For instance, the claim that Indian subcontinental men don’t ‘get’ consent and choice and so, some men become predators is true but partial: It only half explains their condition. Because men have become what they are as they’ve been reared in a climate of sexual frustration, gender inequality and a kind of gendered segregation. In any case, large social disruptions can rarely be explained away by one or two ‘causes’.

The popular feminist argument one saw three months ago on social media timelines about #MeToo India was valid. But it also reduced tectonic plate shifting phenomena to matters of ‘choice-consent-due-process-abuse-of-power’: It was correct but restricted, for it didn’t bring the big cause (sexual frustration) into the mix. This kind of reasoning affected even the most discerning of feminist intellectuals.

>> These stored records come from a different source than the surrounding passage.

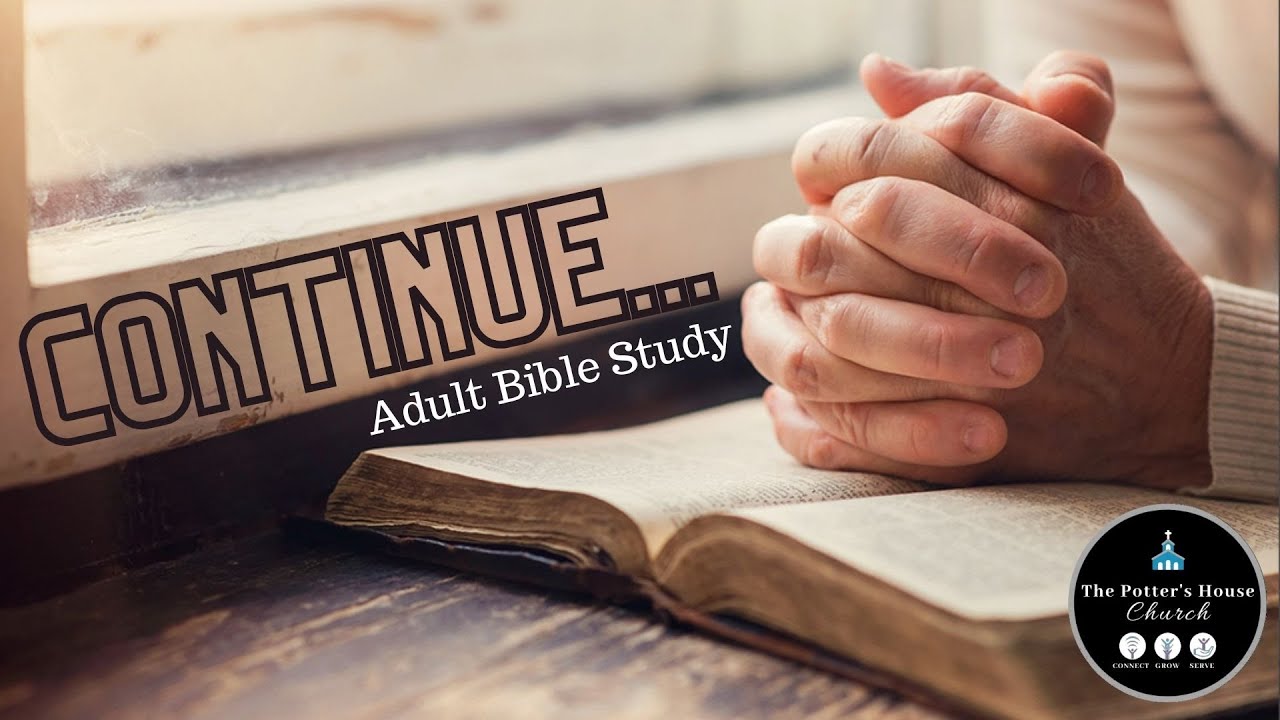 "Continue: Adult Bible Study" | 1/20/2021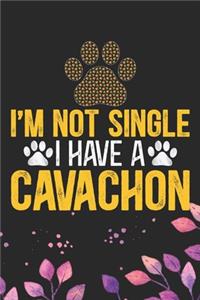 I'm Not Single I Have a Cavachon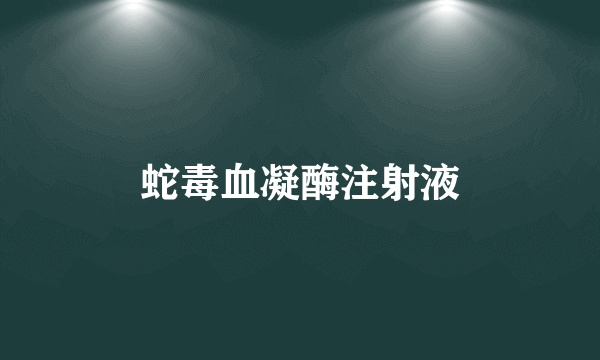 蛇毒血凝酶注射液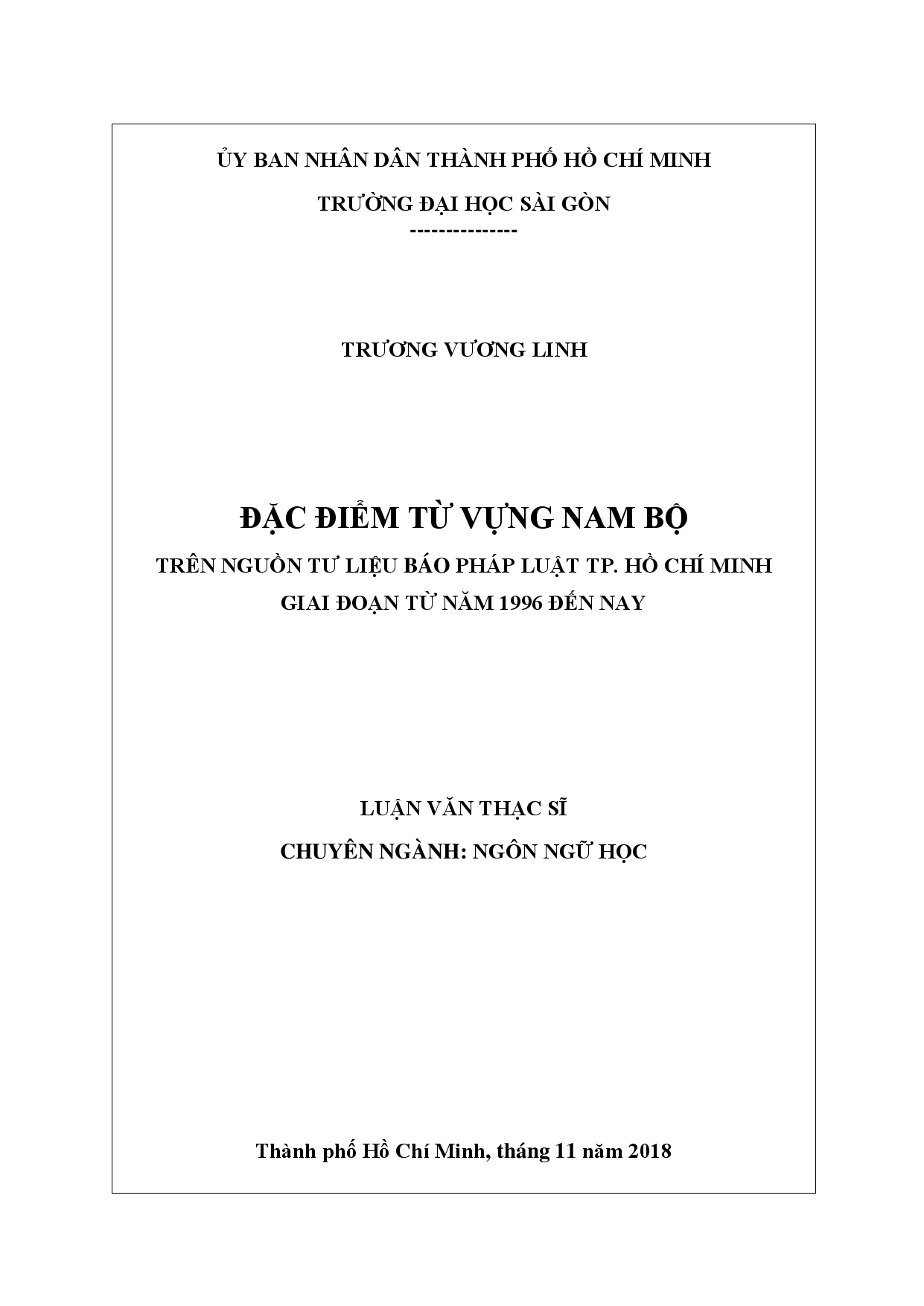 Đặc điểm từ vựng Nam Bộ trên nguồn tư liệu báo pháp luật TP. Hồ Chí Minh giai đoạn từ năm 1996 đến nay  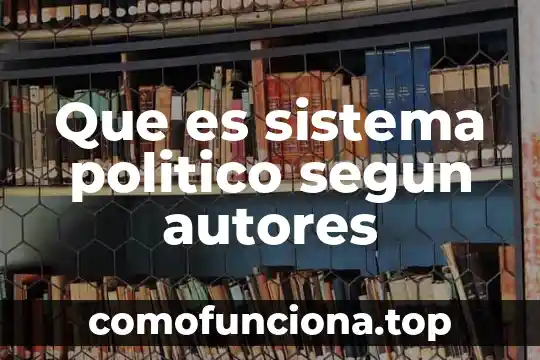 Según distintos autores que es el razonamiento 3 Que es sistema politico segun autores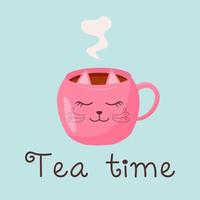 Tea mug with steam. Pink cup in the shape of a cat. Tea time quote. Greeting card. vector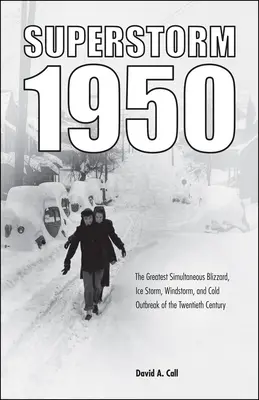 La supertormenta de 1950: La mayor ventisca, tormenta de hielo, vendaval y ola de frío simultáneos del siglo XX - Superstorm 1950: The Greatest Simultaneous Blizzard, Ice Storm, Windstorm, and Cold Outbreak of the Twentieth Century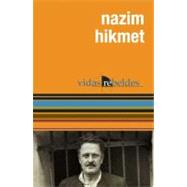 Nazim Hikmet: Vidas rebeldes/ Rebel Lives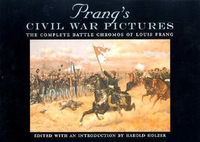 Cover for Prang's Civil War Pictures: The Complete Battle Chromos of Louis Prang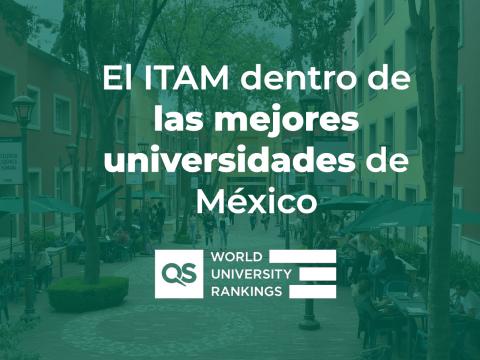 ITAM remains among the best universities in Mexico, according to QS 2025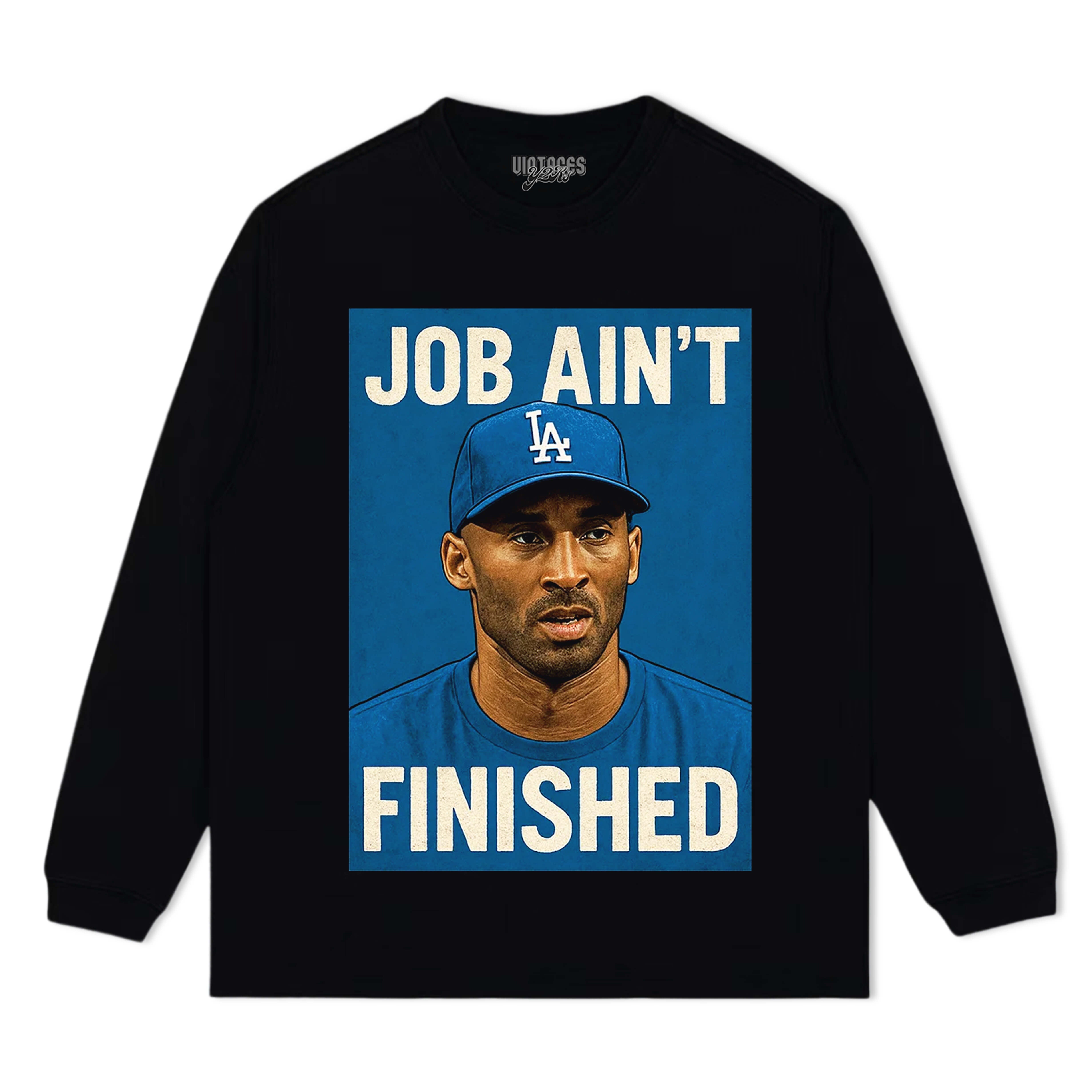 KOBE & DODGERS JOB AIN’T FINISHED TEE & LS & HOODIE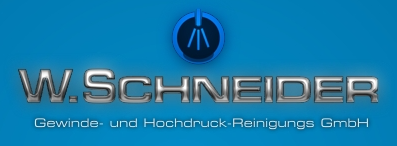 W. Schneider Gewinde- und Hochdruck-Reinigungs GmbH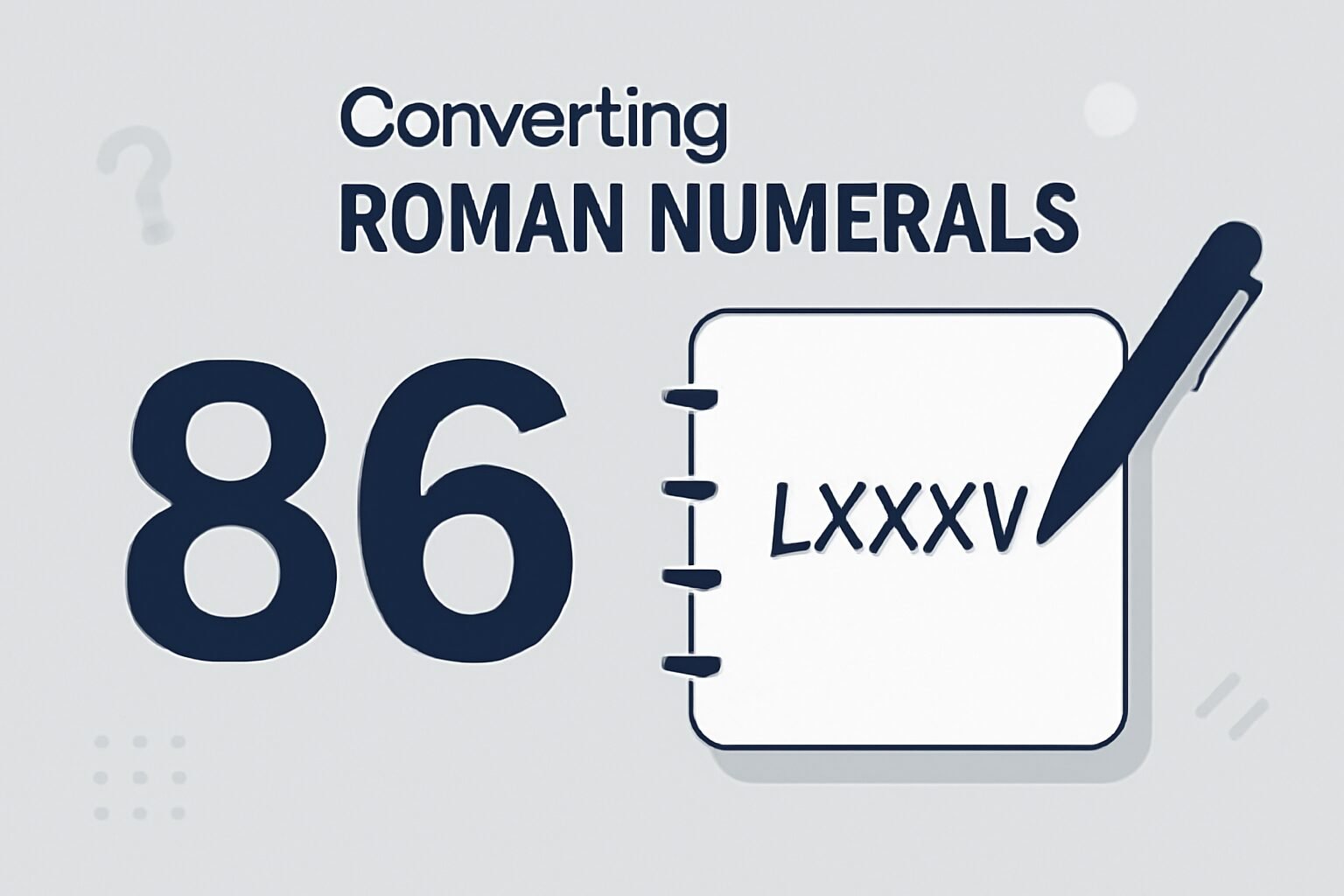 Roman Numerals: 86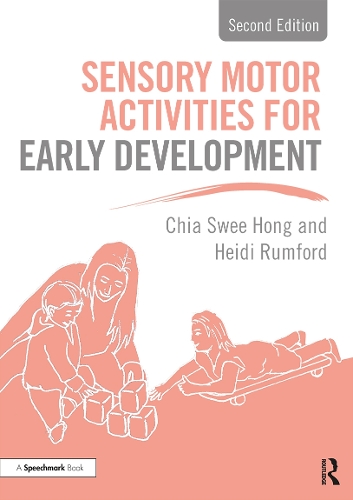 Бумажная книга «Sensory Motor Activities for Early Development: A Practical Resource», авторов Чиа Сви Хонг, Хайди Рамфорд - фото №1
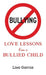 Love Lessons from a Bullied Child
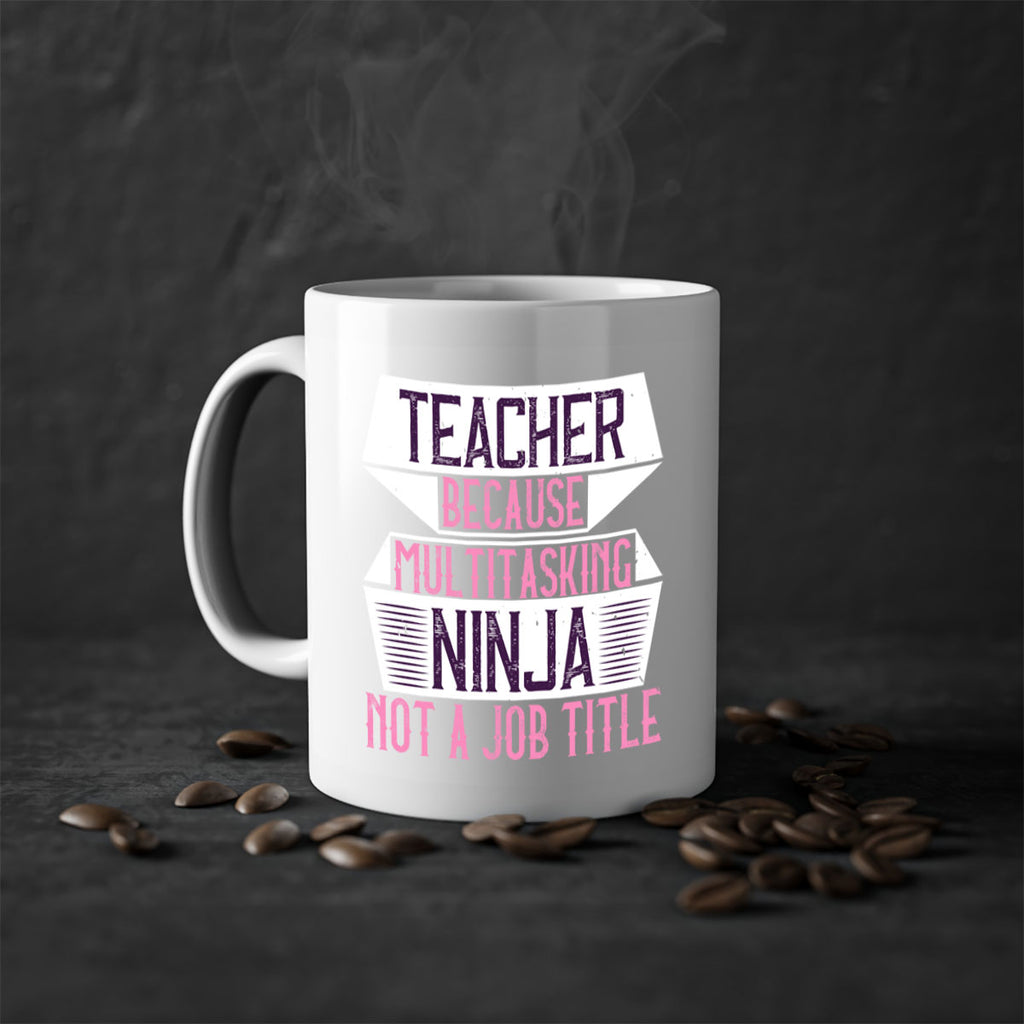 Teacher Because Multitasking Ninja Not A Job Title Style 16#- teacher-Mug / Coffee Cup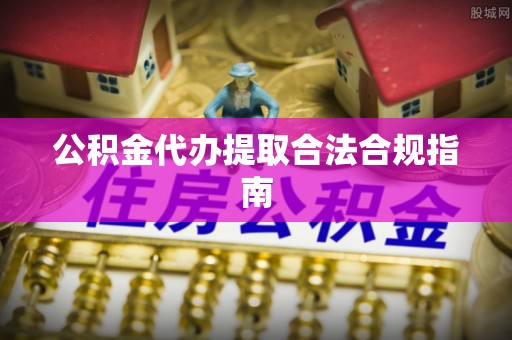 泗县公积金代办提取合法合规指南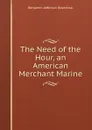 The Need of the Hour, an American Merchant Marine - Benjamin Jefferson Rosenthal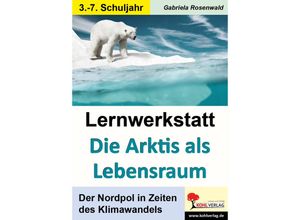 9783960400073 - Lernwerkstatt   Lernwerkstatt Die Arktis als Lebensraum - Gabriela Rosenwald Kartoniert (TB)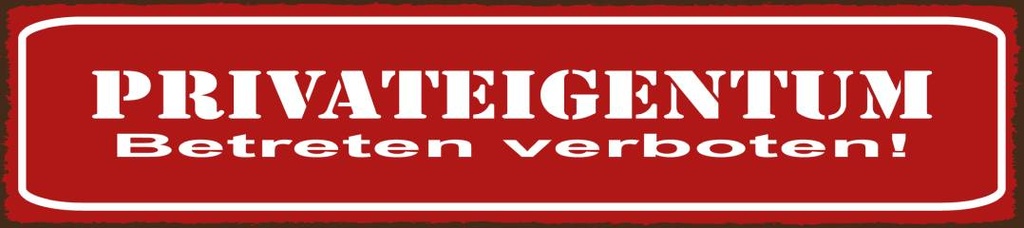 [LA-1814524] Blechschild 46x10 cm Privateigentum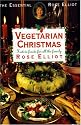 Rose Elliot's Vegetarian Christmas: Festive Feasts for All the Family (The essential Rose Elliot)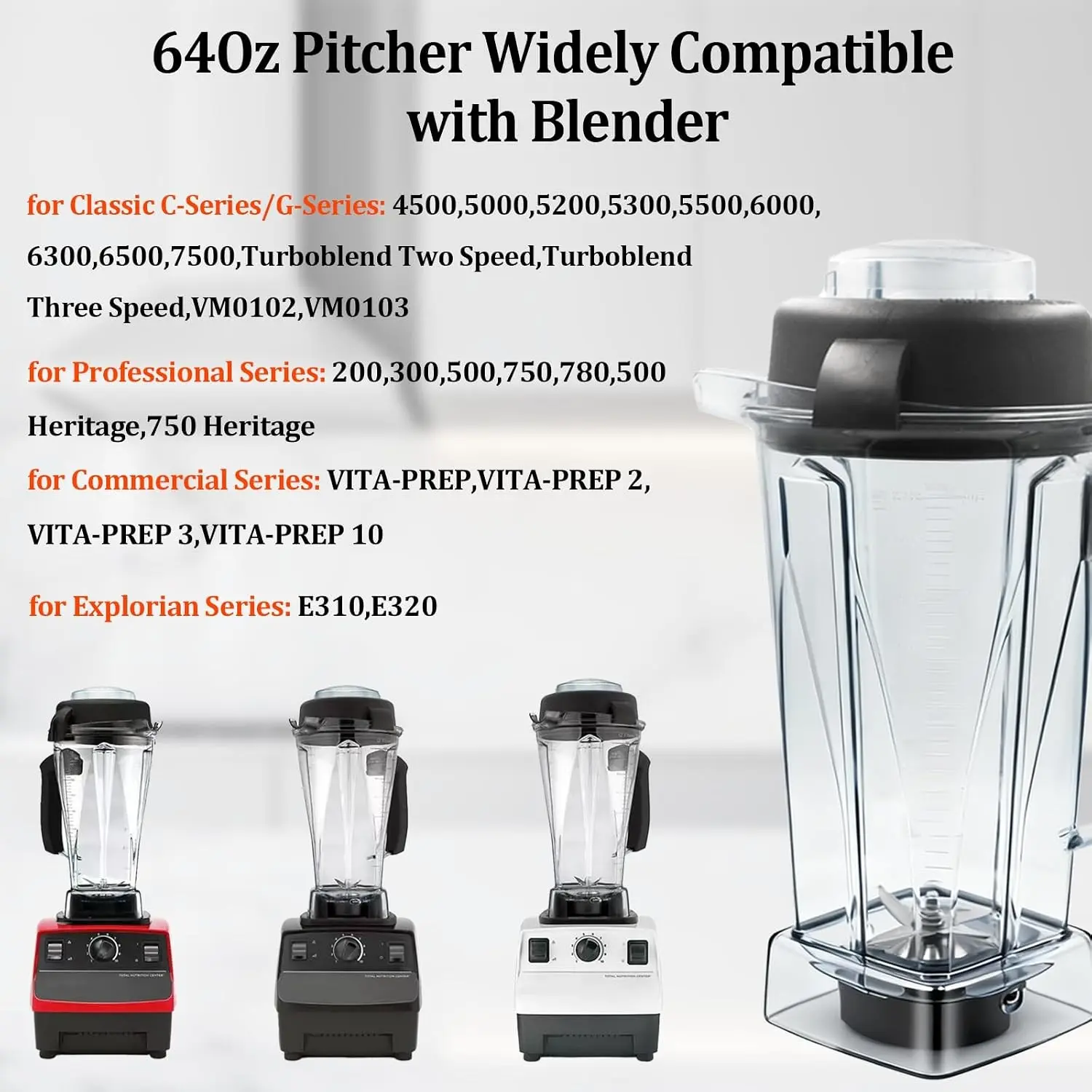 Blender Pitcher 64oz Replacement Container Cup for 5200,6000,6300,5300, 750 | 7500, 6500, VM0102, VM0103, Classic C-Series/G-Series/Propel/Professional Series, 2-year full warranty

Let’s examine one example from one of India’s truly imaginative feminist minds, the Bombay filmmaker and social activist Paromita Vohra. In this well-regarded piece in The Economic Times, she brought great insight into the current gender war. Here, she conveyed the horrors of the victims, but in an audacious rhetorical-political move she went on to question sexual choice and consent as feminists and non-feminists have usually understood it. She did all this in the space of an op-ed (clearly, a writer of outrageous skill and talent to make such nuanced observations in 900 words!).

She also talked about the notion of sex as “experience” vs “outcome”. The former was the general “female” view on it, while the latter the “male” view. She thus complicated “choice” and “consent” in a most romantic and disarming way, while underlining their import. However, even in the case of an otherwise balanced essay, only women came across as multi-dimensional human beings. Even if they were humanised to some degree, the men in her essay, by and large, looked like being sexually illiterate or semi-literate or abusive or misogynistic: All this is partially true, and so the argument needed to go further. (One understands that one cannot say everything in the space of an op-ed.) In some ways, an argument like this writer’s here is the very point of her article – to make a real conversation between women and men to take place, where people “really, really, talk about sex”.

In the spirit of that intention, I’d say that Paromita Vohra’s article had only one anomaly but a major one at that: How did the men she described, arrive at the point where they reduced and objectified women? How did they get socialised? What was their sexual-emotional-psychological journey that made them become effortless sexists? Vohra ably analysed the life arcs of the women at the receiving end of sexism, abuse and harassment: It was impressive and needed, but what about the men? How did they arrive to this point as upholders of toxicity? It was too important a question to be missed. So, for all her astuteness and fair-mindedness as a feminist, Vohra produced an argument with a telling blind spot.

To be fair, these are things Vohra and her organisation, Agents of Ishq, creatively address by generating the space for conversing about love, lust, romance, sex. In some of her later pieces like this she addressed these points coming across as much more sensitive towards the evolution of women and men. In many ways, her writing transcended the binary (either-you-are-with-us-or-against-us) feminist frameworks one saw at play during the #MeToo India uproar three months ago. To a good extent, she was able to avoid demonising men (one reason they’ve kept quiet), while powerfully criticising them. Vohra’s writing displayed an inventive, creative feminism at work that was willing to take risks and differ from other feminists.

Sadly, feminists (journalists, academics, activists supporting #MeToo India) – outside of Vohra – have somewhat forgotten that feminism includes studying women and men. It’s about the creation of the genders, the making of women as women and men as men and other genders as other genders. It’s crucial in the time to come that #MeToo India’s conversations become ongoing, constructive and collaborative between women and men. Is addressing each other’s blind spots too much to ask for?